Le droit à la santé est un droit fondamental de l'être humain, indispensable à l'exercice des autres droits (…). Toute personne a le droit de jouir du meilleur état de santé susceptible d'être atteint, lui permettant de vivre dans la dignité.

(…)

Le droit à la santé englobe une grande diversité de facteurs socioéconomiques de nature à promouvoir des conditions dans lesquelles les êtres humains peuvent mener une vie saine et s'étend aux facteurs fondamentaux déterminants de la santé tels que l'alimentation et la nutrition, le logement, l'accès à l'eau salubre et potable et à un système adéquat d'assainissement, des conditions de travail sûres et hygiéniques et un environnement sain.

(…)

Un autre aspect important est la participation de la population à la prise de toutes les décisions en matière de santé aux niveaux communautaire, national et international.

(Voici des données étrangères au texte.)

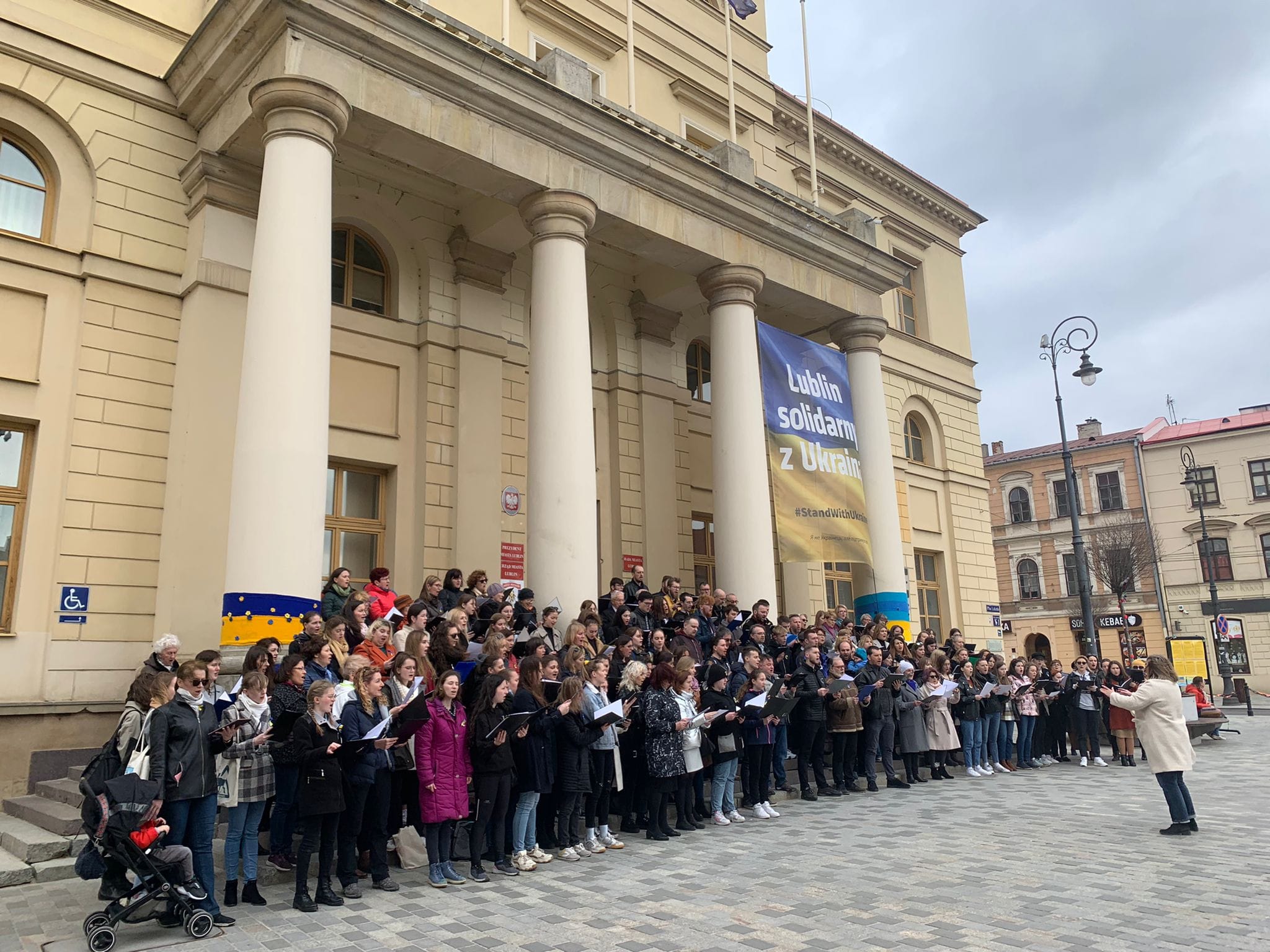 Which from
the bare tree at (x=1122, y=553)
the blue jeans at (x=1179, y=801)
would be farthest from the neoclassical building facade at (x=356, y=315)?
the bare tree at (x=1122, y=553)

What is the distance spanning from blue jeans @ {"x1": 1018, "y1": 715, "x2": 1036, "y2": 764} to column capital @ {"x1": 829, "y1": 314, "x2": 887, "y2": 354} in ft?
25.0

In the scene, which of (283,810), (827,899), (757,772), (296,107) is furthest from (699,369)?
(827,899)

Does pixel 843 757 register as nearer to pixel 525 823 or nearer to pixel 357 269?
pixel 525 823

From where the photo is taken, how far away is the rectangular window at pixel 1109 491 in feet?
172

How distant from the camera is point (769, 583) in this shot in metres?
15.1

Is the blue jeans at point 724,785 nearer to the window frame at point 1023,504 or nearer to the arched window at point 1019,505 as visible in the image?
the window frame at point 1023,504

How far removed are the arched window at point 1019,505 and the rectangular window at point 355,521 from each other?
48359mm

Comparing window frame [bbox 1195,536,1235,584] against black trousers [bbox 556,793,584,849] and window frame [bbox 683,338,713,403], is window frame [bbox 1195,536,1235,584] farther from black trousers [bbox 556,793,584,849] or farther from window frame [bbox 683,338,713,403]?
black trousers [bbox 556,793,584,849]

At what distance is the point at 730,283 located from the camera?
15906 millimetres

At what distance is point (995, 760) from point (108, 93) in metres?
16.2

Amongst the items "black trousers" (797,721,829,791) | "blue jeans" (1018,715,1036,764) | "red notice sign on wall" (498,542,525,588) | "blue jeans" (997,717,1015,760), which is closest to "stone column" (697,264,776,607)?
"red notice sign on wall" (498,542,525,588)

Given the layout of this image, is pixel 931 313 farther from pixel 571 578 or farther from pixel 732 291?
pixel 571 578

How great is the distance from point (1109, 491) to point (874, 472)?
41.7 metres

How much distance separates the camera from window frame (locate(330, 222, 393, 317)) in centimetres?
1440
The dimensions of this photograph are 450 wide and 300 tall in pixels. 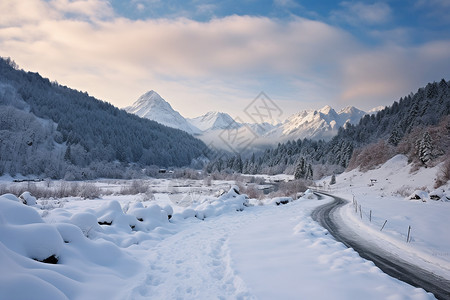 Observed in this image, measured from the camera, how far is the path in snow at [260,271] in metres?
6.29

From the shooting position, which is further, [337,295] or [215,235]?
[215,235]

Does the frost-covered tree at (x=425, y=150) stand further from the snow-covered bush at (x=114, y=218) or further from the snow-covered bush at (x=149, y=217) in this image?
the snow-covered bush at (x=114, y=218)

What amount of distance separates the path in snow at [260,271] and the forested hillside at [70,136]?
220 feet

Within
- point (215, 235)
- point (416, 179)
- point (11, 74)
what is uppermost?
point (11, 74)

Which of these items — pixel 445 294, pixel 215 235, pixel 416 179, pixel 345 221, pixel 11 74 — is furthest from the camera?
pixel 11 74

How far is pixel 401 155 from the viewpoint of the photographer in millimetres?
61250

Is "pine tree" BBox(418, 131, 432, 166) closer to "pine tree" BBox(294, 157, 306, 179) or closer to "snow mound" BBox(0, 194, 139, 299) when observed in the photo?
"pine tree" BBox(294, 157, 306, 179)

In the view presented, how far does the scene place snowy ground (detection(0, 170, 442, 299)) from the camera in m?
5.16

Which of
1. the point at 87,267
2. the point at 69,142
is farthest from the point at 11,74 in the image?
the point at 87,267

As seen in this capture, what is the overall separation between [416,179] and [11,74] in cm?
18176

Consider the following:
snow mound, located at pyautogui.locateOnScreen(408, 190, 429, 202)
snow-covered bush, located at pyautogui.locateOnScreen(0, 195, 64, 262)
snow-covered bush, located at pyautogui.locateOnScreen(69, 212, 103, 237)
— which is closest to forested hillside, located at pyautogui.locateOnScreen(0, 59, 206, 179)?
snow-covered bush, located at pyautogui.locateOnScreen(69, 212, 103, 237)

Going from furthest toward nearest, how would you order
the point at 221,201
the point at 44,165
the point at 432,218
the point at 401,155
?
the point at 44,165
the point at 401,155
the point at 221,201
the point at 432,218

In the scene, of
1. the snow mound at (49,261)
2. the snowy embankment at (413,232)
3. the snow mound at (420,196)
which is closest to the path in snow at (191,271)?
the snow mound at (49,261)

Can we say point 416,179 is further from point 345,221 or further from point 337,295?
point 337,295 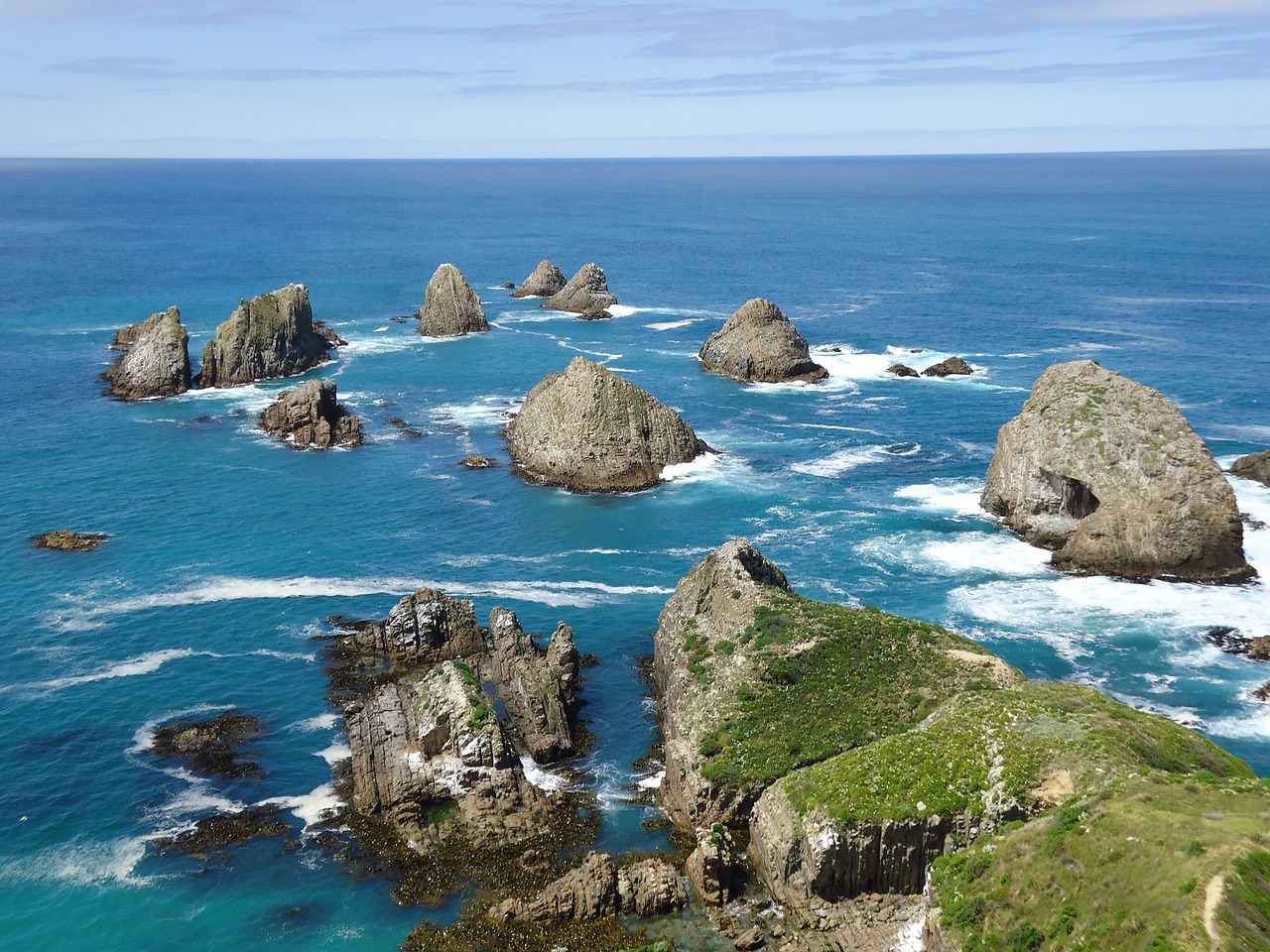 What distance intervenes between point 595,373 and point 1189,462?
173 feet

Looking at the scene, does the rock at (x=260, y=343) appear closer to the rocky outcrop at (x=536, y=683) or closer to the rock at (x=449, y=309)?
the rock at (x=449, y=309)

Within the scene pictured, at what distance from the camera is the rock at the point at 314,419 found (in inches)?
4592

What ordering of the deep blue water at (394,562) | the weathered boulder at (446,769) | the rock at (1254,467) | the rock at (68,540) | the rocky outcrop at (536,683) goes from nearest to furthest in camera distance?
the deep blue water at (394,562)
the weathered boulder at (446,769)
the rocky outcrop at (536,683)
the rock at (68,540)
the rock at (1254,467)

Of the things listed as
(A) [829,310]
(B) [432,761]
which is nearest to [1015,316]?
(A) [829,310]

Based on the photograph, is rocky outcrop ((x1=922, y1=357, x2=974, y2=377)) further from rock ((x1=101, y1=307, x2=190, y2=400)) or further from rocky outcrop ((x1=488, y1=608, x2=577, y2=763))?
rock ((x1=101, y1=307, x2=190, y2=400))

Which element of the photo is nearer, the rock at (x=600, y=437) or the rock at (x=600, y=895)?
the rock at (x=600, y=895)

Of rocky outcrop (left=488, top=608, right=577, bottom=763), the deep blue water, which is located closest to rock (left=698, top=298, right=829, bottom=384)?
the deep blue water

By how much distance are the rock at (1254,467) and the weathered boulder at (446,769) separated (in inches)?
3090

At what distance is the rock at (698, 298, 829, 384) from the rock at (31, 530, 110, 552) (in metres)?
81.5

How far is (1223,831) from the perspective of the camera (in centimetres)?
3997

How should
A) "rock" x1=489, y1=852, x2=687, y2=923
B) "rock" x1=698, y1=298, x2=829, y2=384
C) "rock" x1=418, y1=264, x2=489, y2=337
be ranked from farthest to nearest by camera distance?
"rock" x1=418, y1=264, x2=489, y2=337
"rock" x1=698, y1=298, x2=829, y2=384
"rock" x1=489, y1=852, x2=687, y2=923

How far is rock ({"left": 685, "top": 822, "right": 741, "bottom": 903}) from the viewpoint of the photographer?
4919cm

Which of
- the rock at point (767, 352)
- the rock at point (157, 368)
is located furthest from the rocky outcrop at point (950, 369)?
the rock at point (157, 368)

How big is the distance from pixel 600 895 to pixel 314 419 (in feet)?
265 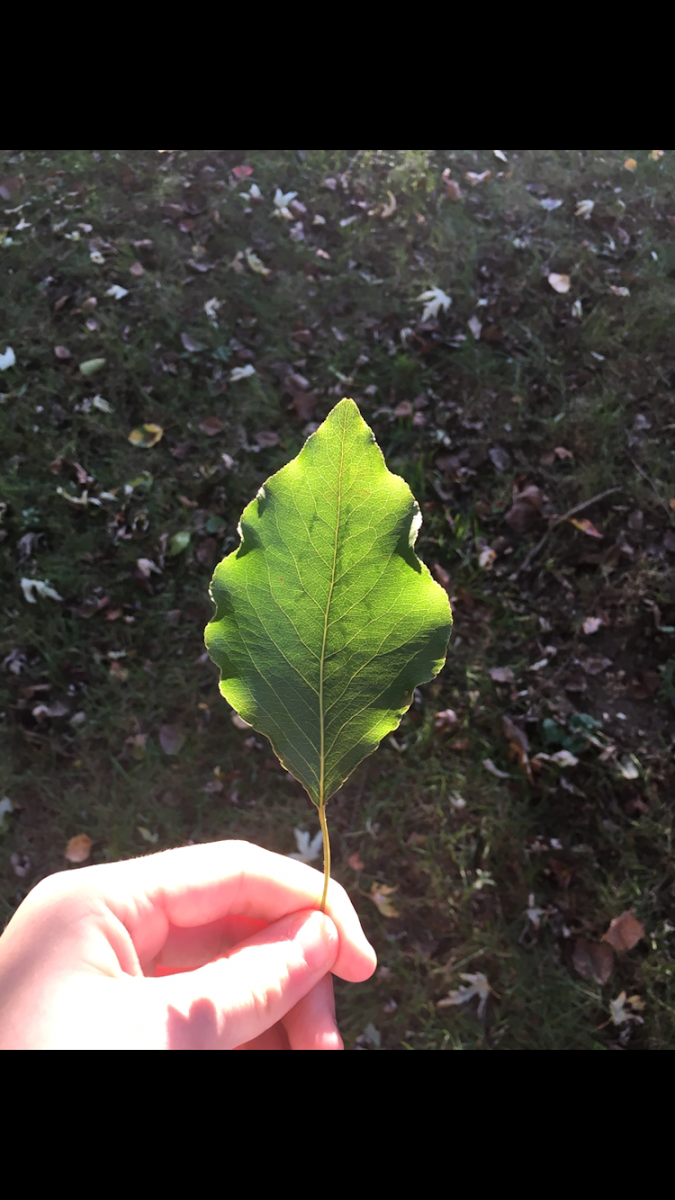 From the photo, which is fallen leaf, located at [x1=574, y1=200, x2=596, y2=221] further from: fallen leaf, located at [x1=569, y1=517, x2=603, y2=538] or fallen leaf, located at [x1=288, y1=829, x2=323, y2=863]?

Comité des droits économiques, sociaux et culturels de l'ONU, Avril 20001

La COPHAN adhère à cette définition du droit à la santé qui repose sur une conception globale de la santé et qui oblige l'État à tenir compte d'un ensemble de déterminants socioéconomiques de la santé. Cette définition implique que le droit à la santé ne saurait se résumer au seul droit d'accès aux soins de santé. Dans l'adoption de ses politiques et programmes, dans l'élaboration de ses plans d'action en matière de santé et de services sociaux, l'État a l'obligation de prendre en compte tout un ensemble defacteurs socioéconomiques qui sont de nature à favoriser la réalisation du meilleur état de santé susceptible d'être atteint par ses citoyens et citoyennes de tous âges. Il doit également prévoir la participation de la population aux prises de décisions qui la concerne en matière de santé et de services sociaux.

C'est d'ailleurs cette définition qu'a retenue récemment la Commission des droits de la personne et des droits de la jeunesse pour formuler une recommandation portant sur la reconnaissance du droit à la santé dans la Charte québécoise des droits et libertés de la personne.2

C'est à partir des balises que nous donne cette définition du droit à la santé que nous avons entrepris d'analyser le projet de Loi sur le Commissaire à la santé et au bien-être (PL 38). Nous nous sommes demandé : En quoi les propositions contenues dans le PL 38 sont en mesure de favoriser la réalisation du droit à la santé? Est-ce que les responsabilités, fonctions et pouvoirs qui seraient confiés au Commissaire à la santé et au bien-être par le PL 38 permettront d'assurer « une pleine défense des droits des citoyens au sein du réseau de la santé et des services sociaux » (tel que l'énonçait à ce sujet, le programme du Parti libéral du Québec lors des élections du printemps 2003)?3 De quels outils disposons-nous actuellement pour assurer la défense de ces droits? Quelles sont les améliorations qui devraient leur être apportées ? De quels autres outils avons-nous besoin?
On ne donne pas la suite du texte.